3 directories, 152 files

In [10]:
# Let's take a look at the dataset image
import mmcv
import matplotlib.pyplot as plt

img = mmcv.imread('kitti_tiny/training/image_2/000073.jpeg')
plt.figure(figsize=(15, 10))
plt.imshow(mmcv.bgr2rgb(img))
plt.show()


After downloading the data, we need to implement a function to convert the kitti annotation format into the middle format. In this tutorial we choose to convert them in load_annotations function in a newly implemented KittiTinyDataset.

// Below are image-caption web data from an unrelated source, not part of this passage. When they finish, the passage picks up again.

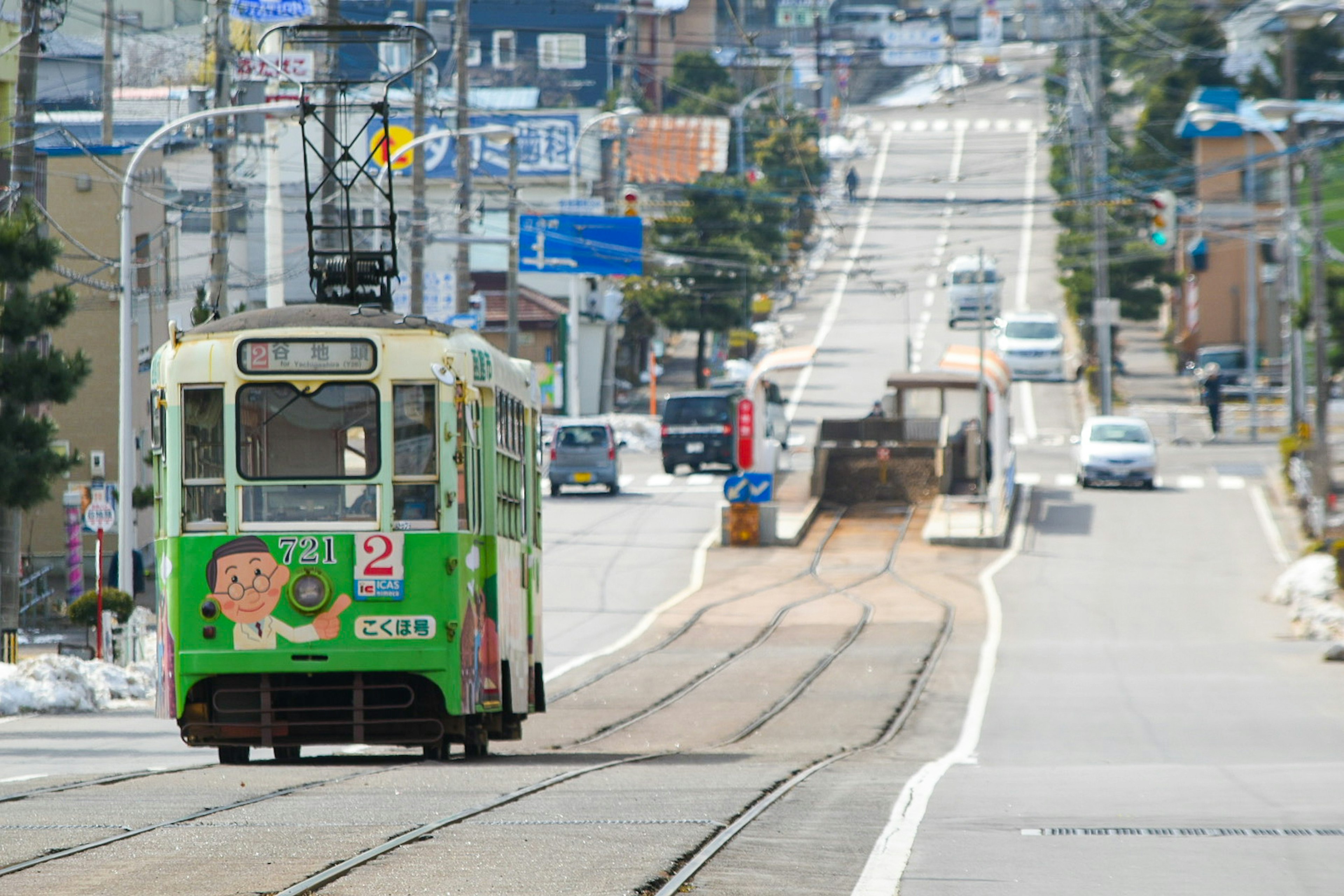 Grüne Straßenbahn fährt entlang einer Straße mit Geschäften und Fahrzeugen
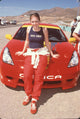 Melissa Joan Hart leaning on a Toyota during a celebrity race photo print.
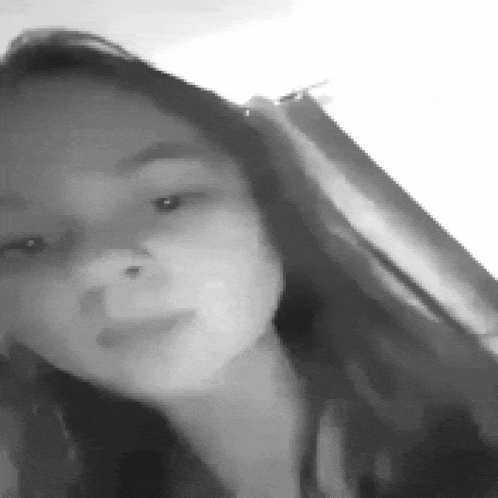a black and white photo of a woman 's face with a nose ring .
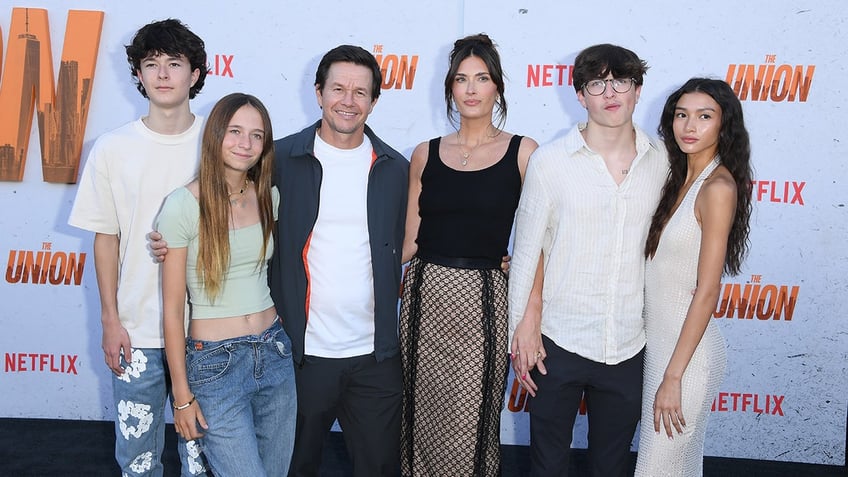 Mark Wahlberg and his wife Rhea appear on the red carpet with his son Brendan, daughter Grace, son Michael and his girlfriend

Let's take a look at the annotation txt file.


In [11]:
# Check the label of a single image
!cat kitti_tiny/training/label_2/000000.txt


Pedestrian 0.00 0 -0.20 712.40 143.00 810.73 307.92 1.89 0.48 1.20 1.84 1.47 8.41 0.01

According to the KITTI's documentation, the first column indicates the class of the object, and the 5th to 8th columns indicates the bboxes. We need to read annotations of each image and convert them into middle format MMDetection accept is as below:

[
    {
        'filename': 'a.jpg',
        'width': 1280,
        'height': 720,
        'ann': {
            'bboxes': <np.ndarray> (n, 4),
            'labels': <np.ndarray> (n, ),
            'bboxes_ignore': <np.ndarray> (k, 4), (optional field)
            'labels_ignore': <np.ndarray> (k, 4) (optional field)
        }
    },
    ...
]

In [12]:
import copy
import os.path as osp

import mmcv
import numpy as np

from mmdet.datasets.builder import DATASETS
from mmdet.datasets.custom import CustomDataset

@DATASETS.register_module()
class KittiTinyDataset(CustomDataset):

    CLASSES = ('Car', 'Pedestrian', 'Cyclist')

    def load_annotations(self, ann_file):
        cat2label = {k: i for i, k in enumerate(self.CLASSES)}
        # load image list from file
        image_list = mmcv.list_from_file(self.ann_file)
    
        data_infos = []
        # convert annotations to middle format
        for image_id in image_list:
            filename = f'{self.img_prefix}/{image_id}.jpeg'
            image = mmcv.imread(filename)
            height, width = image.shape[:2]
    
            data_info = dict(filename=f'{image_id}.jpeg', width=width, height=height)
    
            # load annotations
            label_prefix = self.img_prefix.replace('image_2', 'label_2')
            lines = mmcv.list_from_file(osp.join(label_prefix, f'{image_id}.txt'))
    
            content = [line.strip().split(' ') for line in lines]
            bbox_names = [x[0] for x in content]
            bboxes = [[float(info) for info in x[4:8]] for x in content]
    
            gt_bboxes = []
            gt_labels = []
            gt_bboxes_ignore = []
            gt_labels_ignore = []
    
            # filter 'DontCare'
            for bbox_name, bbox in zip(bbox_names, bboxes):
                if bbox_name in cat2label:
                    gt_labels.append(cat2label[bbox_name])
                    gt_bboxes.append(bbox)
                else:
                    gt_labels_ignore.append(-1)
                    gt_bboxes_ignore.append(bbox)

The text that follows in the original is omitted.